And as for work...haha i done a good job doing nothing!!


----------



## barnacle

iano C said:


> I'd just like to say a big thanks to fizzle86 for dropping in to help out with everything today.It was nice to get to meet you and have a chat.If you need to do a bit of work on the car or even just to wash it ,your more than welcome to pop in or if your just passing pop in and say hello .Thanks again :thumb:.

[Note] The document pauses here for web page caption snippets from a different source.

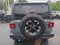2025 Jeep Wrangler 4xe Rubicon 4x4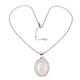 CELEBRYTKA 45+5 CM S. STEEL TTM XUPING 79326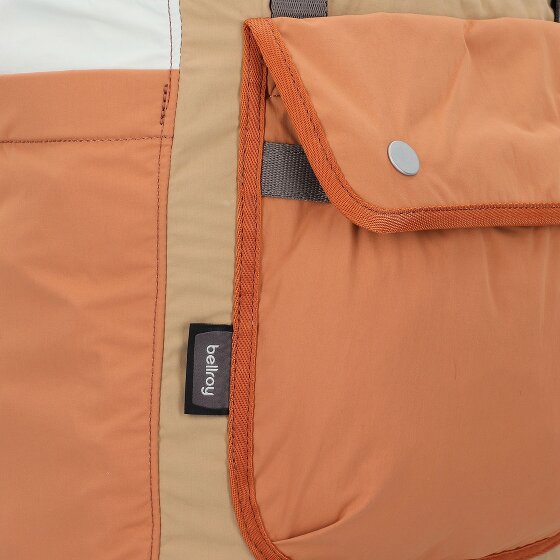 Bellroy Cinch Beuteltasche 37 cm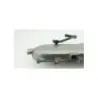 Carter transmission PEUGEOT TWEET 50 2010 - 2014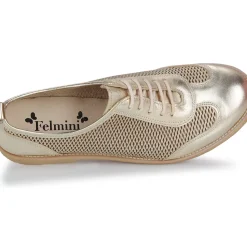 Felmini - E085-BRUSH-0377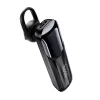 HOCO vezeték nélküli bluetooth headset E57 fekete-6931474739438 4 kép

Yeah, I meant to say before, I'm just up the road from you in DCU, doing a PhD (plenty of free time  ), so if you need a hand doing anything just give me a shout. I'm around nearly every day. Can't wait to see this place too!


----------



## iano C

barnacle said:


> Yeah, I meant to say before, I'm just up the road from you in DCU, doing a PhD (plenty of free time  ), so if you need a hand doing anything just give me a shout. I'm around nearly every day. Can't wait to see this place too!

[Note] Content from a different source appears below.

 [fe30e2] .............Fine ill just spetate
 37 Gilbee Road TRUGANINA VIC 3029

Hi barnacle;2631377} I'll pm you my number and just just me a bell before hand to make sure I am there .I will be out for and hour a lunch time to pick up a few bits but other than that I will be there all day.I would be more than happy to show you the place and I sure I could find something that needs doing.So pop in any time pm on the way :thumb: .


----------



## iano C

fizzle86 said:


> thanks Ian nice to meet you and see your new place and THAT car *HOLY F**K thats some beast!! *
> 
> And as for work...haha i done a good job doing nothing!!


 Hi mate, I suppose it is a little on the wild side lol.You done a grand job and thanks as at this stage every little bit helps.I am at breaking point with the hours I am putting in.I am up at 6 in the morning and home by 10 in the night most nights .There is nights I have to pull in for a sleep because I just can't drive any longer.I got the rest of the racking up today and all the stuff sorted out ,well 90% of it .I need to sort out a few little thing ,like better or more lighting and some mats for the door ways.Like I was saying drop by when you like.It bed time for me early start lol ,talk soon mate:thumb:.


----------



## barnacle

Popped down to Ian's place today, really really well done indeed. Plenty of room and obviously lots of work above and beyond done. And the cars... droolworthy.

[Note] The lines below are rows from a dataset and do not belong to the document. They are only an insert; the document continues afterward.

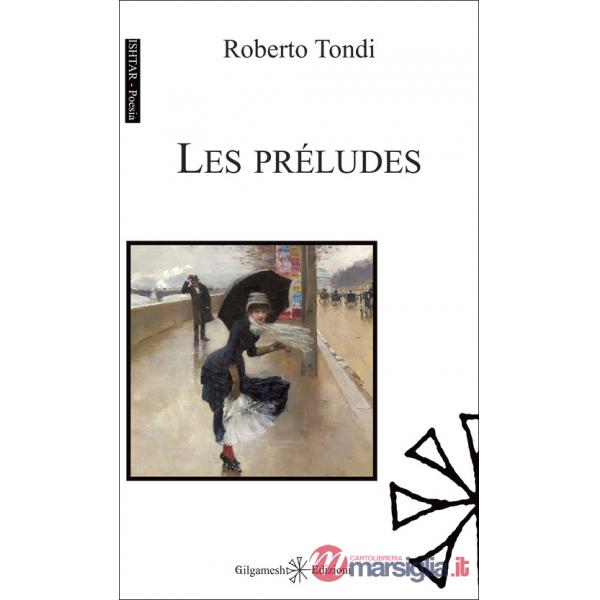 Préludes (Les)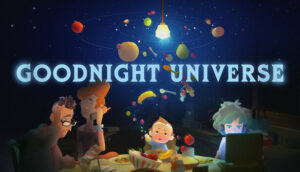 Goodnight Universe dispo sur Nintendo Switch 2, la version Switch repoussée à décembre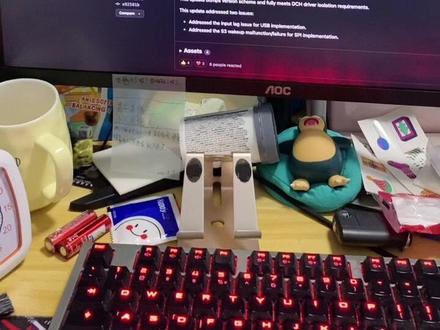 #win10触摸板 #妙控板 #鼠标 win10目前最好用的触摸板,苹果的妙控板3代,拿走不谢,留下点赞关注~购物分享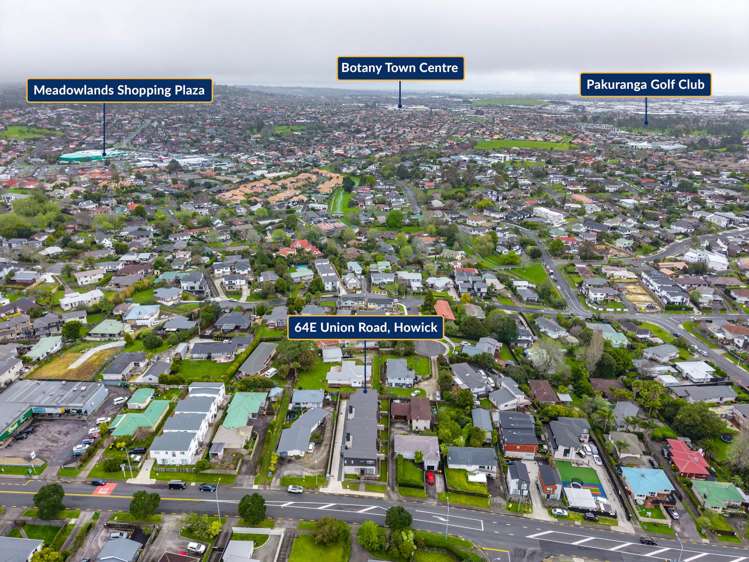 64C Union Road Howick_7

Nice to meet you mate, I'll pop down soon and give ya a few pointers on the computer.

Mick


----------



## iano C

barnacle said:


> Popped down to Ian's place today, really really well done indeed. Plenty of room and obviously lots of work above and beyond done. And the cars... droolworthy.
> 
> Nice to meet you mate, I'll pop down soon and give ya a few pointers on the computer.
> 
> Mick


Hi mate it was nice to get to meet your good self and thanks for the kind words.With a bit of luck the new web site will be live and you can give me a few tips next time we meet .Pop in anytime for a coffee and a chat or if you want to mess around with your car or just wash it your more than welcome :thumb:.


----------



## FlawlessDetailing

Im really looking forward to this meet now. Ive even cleared it with the missus, of the 3 days at the weekend i get to see her i still got a day pass n all haha :thumb:

By the sounds of you guys, ive to get my finger out !!! and thats not to mention my car !! 

Had it parked up in work yesterday, not in my usual space and of course when i went to wash it, a lovely big scrape over my rear arch :-( looks like a gear bag or something. its correctable, but ive had a heavy correction in the very same spot before from an 'incident with my niece, the beach, and a shell' !!! need i say more. Ive a PTG but as ye all know, im nearly too afraid to look in a sense ! 

See you all soon enough.

Padraic


----------



## fizzle86

everyone still up for this?? :car:


----------



## John G

fizzle86 said:


> everyone still up for this?? :car:


I hope so.:thumb:


----------



## iano C

I am still up for it :


----------



## Larryk

Where's the new place Ian? Still up for this


----------



## iano C

Larryk said:


> Where's the new place Ian? Still up for this


Hi Larry .The new place is in 36-40 Dominick street upper the Hendrons building it's Dublin 7 about five minutes walk from the Ilac center .I am still up for it .I am looking forward to getting a few tips from the pros :thumb: .


----------



## barnacle

I'm not 100% sure any more. The car decided to have a fit on me today. Damned french cars 

Left me driving a rented Micra that really has seen better days. Deadly brakes on it though, as can be verified by the twonk that decided to run out in front of me after her dog earlier. Some people should really not be allowed leave their houses.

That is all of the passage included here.